**Records for processing**
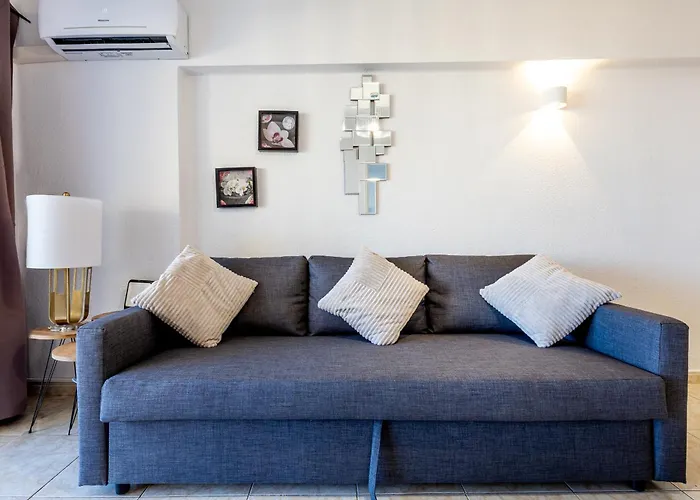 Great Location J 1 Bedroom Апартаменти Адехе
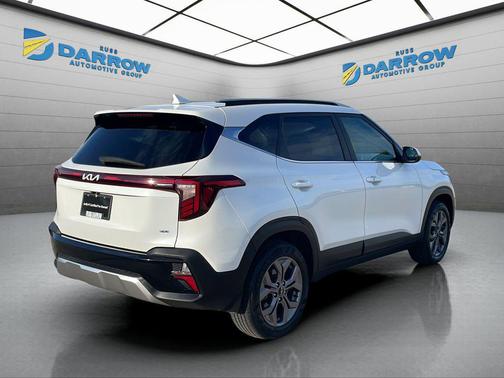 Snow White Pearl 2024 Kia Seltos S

==

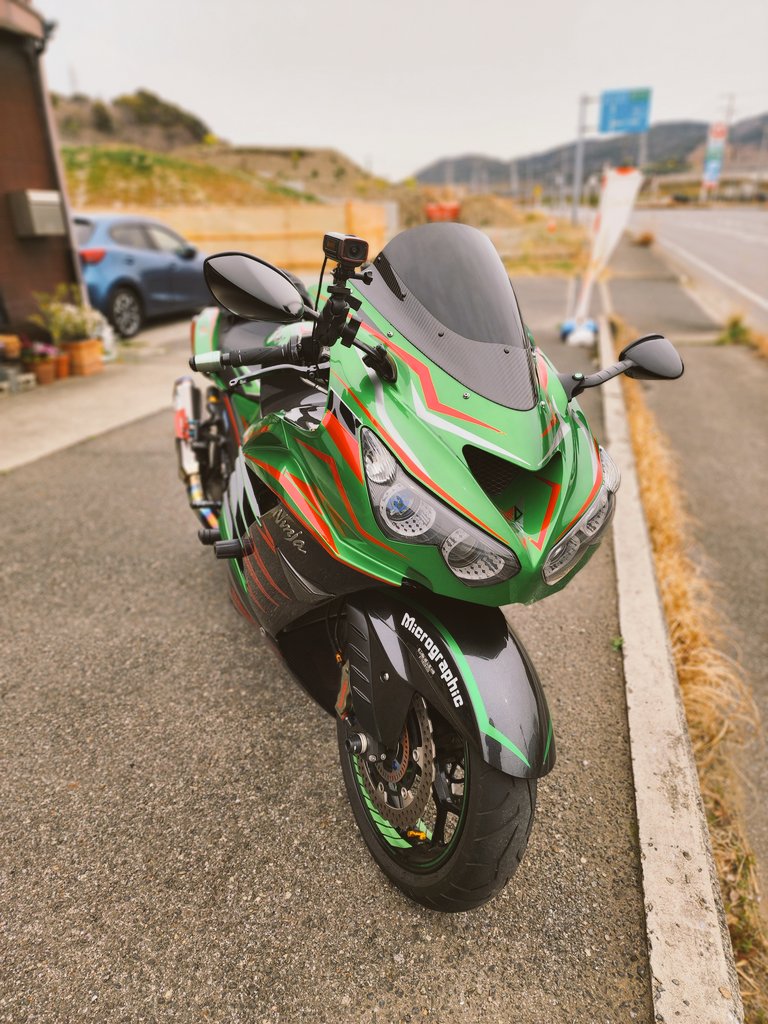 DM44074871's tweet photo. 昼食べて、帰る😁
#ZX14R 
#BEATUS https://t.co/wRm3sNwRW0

**Directions**
A word-for-word reproduction is needed of the lines above from the line containing "Great Location J 1 Bedroom Апартаменти Адехе" through the line containing "Snow White Pearl 2024 Kia Seltos S", with both ends kept and no pictures.

**Written solution**
 Great Location J 1 Bedroom Апартаменти Адехе
 Snow White Pearl 2024 Kia Seltos S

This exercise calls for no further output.